# Black and white ebony muddler



## APBcustoms (Nov 25, 2014)

black and white ebony muddler for those rich bartenders.

Reactions: Like 9 | EyeCandy! 5 | Way Cool 1


----------



## gman2431 (Nov 25, 2014)

Looks cool with the sap streaks.

Reactions: Like 1 | Agree 1


----------



## APBcustoms (Nov 25, 2014)

gman2431 said:


> Looks cool with the sap streaks.



Thanks it wasn't totally dry so I'm hoping I don't get checking but it'll probably get trashed


----------



## manbuckwal (Nov 25, 2014)

That is cool looking Austin !


----------



## TimR (Nov 26, 2014)

Nice. Almost looks laminated. I need to go look up muddler...not familiar with word or use.

Muddler...hmmm, ok I now know what it is. I guess the few bars I go in must just specialize in long-necks. Learn something new every day!


----------



## APBcustoms (Nov 26, 2014)

TimR said:


> Nice. Almost looks laminated. I need to go look up muddler...not familiar with word or use.
> 
> Muddler...hmmm, ok I now know what it is. I guess the few bars I go in must just specialize in long-necks. Learn something new every day!



they used to make mojitos to mash the mint. we use them to mash blueberry, lime, and mint with rum and ginger beer

Reactions: Informative 1


----------



## APBcustoms (Nov 26, 2014)

oh and i do them longer so you have a hand grip. its more comfortable and i think it looks better

Reactions: Agree 1


----------



## Kevin (Nov 26, 2014)

I tended bar can't guess how many drinks I mixed and beers I served - never heard of a muddler. Nice piece of wood.


----------



## APBcustoms (Nov 26, 2014)

Supeises no one knows what they are they are my most popular item right now 

Here is a video about them

Reactions: Like 1


----------



## Tclem (Nov 26, 2014)

Yeah that won't fit in a long neck

Reactions: Funny 3


----------



## APBcustoms (Nov 26, 2014)

Tclem said:


> Yeah that won't fit in a long neck



Just use one of your hairsticks tony

Reactions: Funny 5


----------



## DLJeffs (Nov 26, 2014)

When I hear the word "muddler" this is what pops into my mind:
http://i.Rule #2/Jnhyuww.jpg 

If I get strange looks from the person who said it I start thinking about other kinds of muddlers.

Reactions: Agree 1


----------



## APBcustoms (Nov 26, 2014)

DLJeffs said:


> When I hear the word "muddler" this is what pops into my mind:
> http://i.Rule #2/Jnhyuww.jpg
> 
> If I get strange looks from the person who said it I start thinking about other kinds of muddlers.



Before I started making muddlers that's what I always associated with that word. I used to do fly tying back in highschool.


----------



## Sprung (Nov 26, 2014)

Austin, if it makes you feel any better - I knew what a muddler was.

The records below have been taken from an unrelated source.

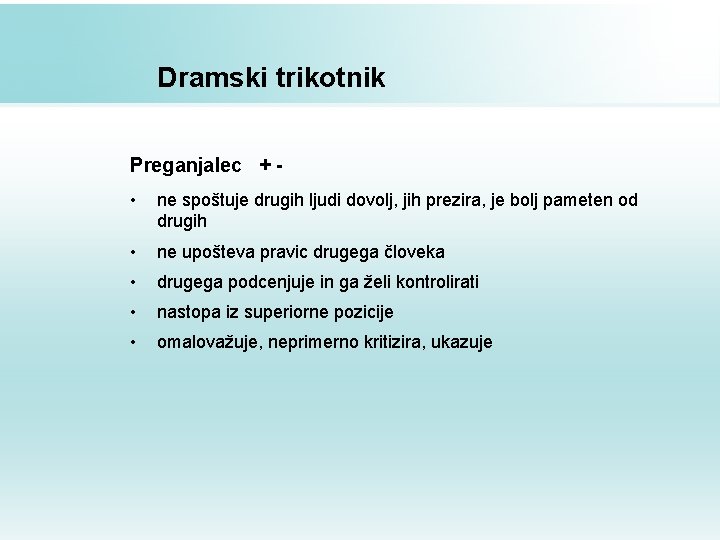 Dramski trikotnik Preganjalec + • ne spoštuje drugih ljudi dovolj, jih prezira, je bolj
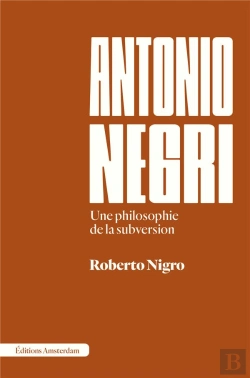 Bertrand.pt - Antonio Negri : Une Philosophie De La Subversion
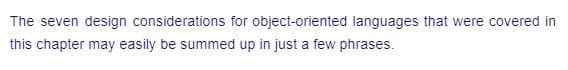 The seven design considerations for object-oriented languages that were covered in
this chapter may easily be summed up in just a few phrases.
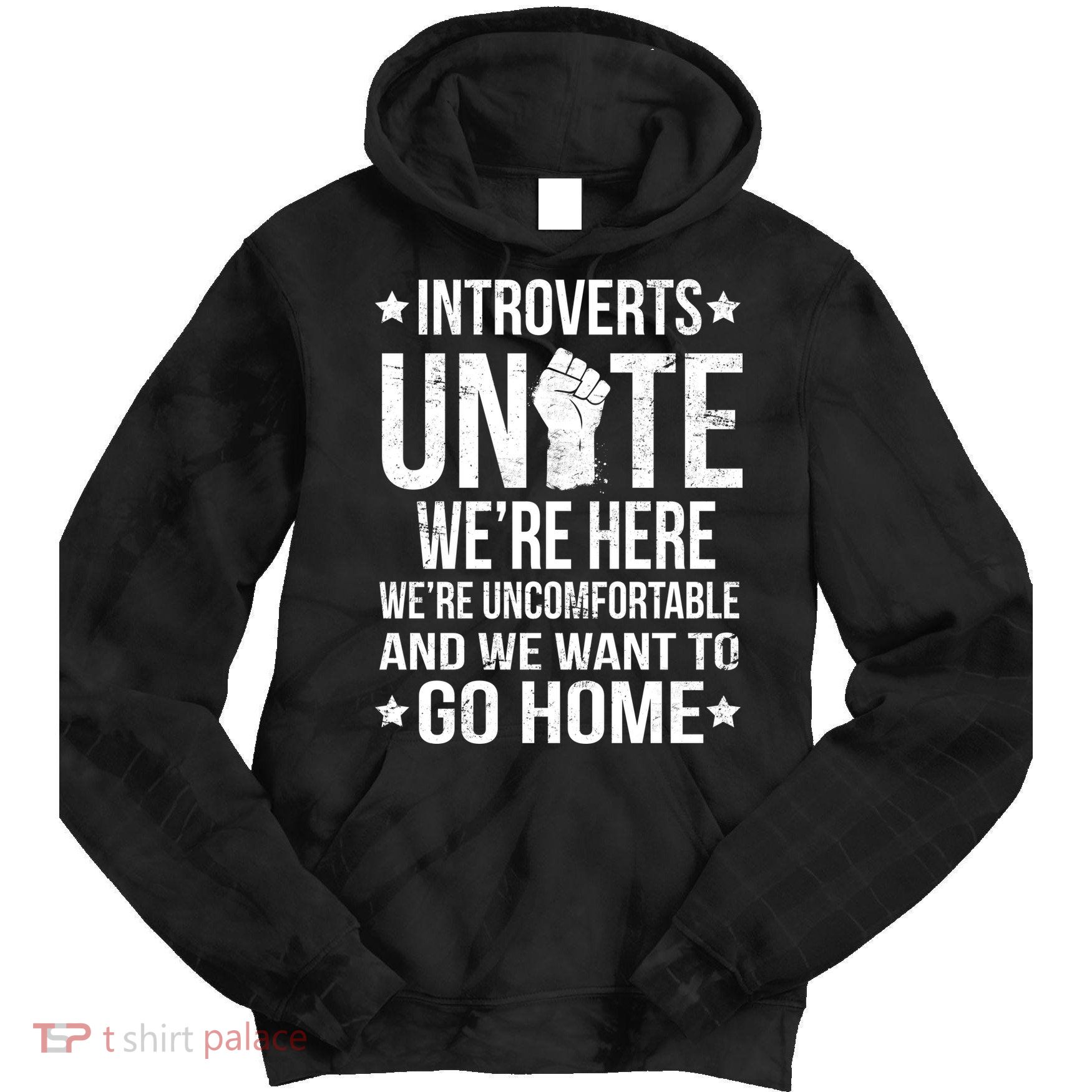 Introverts Unite Tie Dye Hoodie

I've seen them used, but I've never used one. A good micro-brew beer is usually my drink of choice, and a muddler would be worthless there.

Good job on that B&W Ebony! Really like the looks of it - someday I'm going to have to get myself some B&W Ebony.


----------



## APBcustoms (Nov 26, 2014)

Sprung said:


> Austin, if it makes you feel any better - I knew what a muddler was. I've seen them used, but I've never used one. A good micro-brew beer is usually my drink of choice, and a muddler would be worthless there.
> 
> Good job on that B&W Ebony! Really like the looks of it - someday I'm going to have to get myself some B&W Ebony.



amazon exotic hardwoods has awesome black and white ebony not dry though and it cracks really easily. im thinking about buying 5 blanks and shelfing them for a few years

Reactions: Like 1


----------



## ripjack13 (Dec 3, 2014)

APBcustoms said:


> amazon exotic hardwoods has awesome black and white ebony not dry though and it cracks really easily. im thinking about buying 5 blanks and shelfing them for a few years



I just looked at their site.....They are ridiculously over priced on a bunch of their stuff. I can't imagine how they stay afloat....


----------



## APBcustoms (Dec 3, 2014)

ripjack13 said:


> I just looked at their site.....They are ridiculously over priced on a bunch of their stuff. I can't imagine how they stay afloat....



Some of there prices are ok but some are crazy for sure

Reactions: Agree 1


----------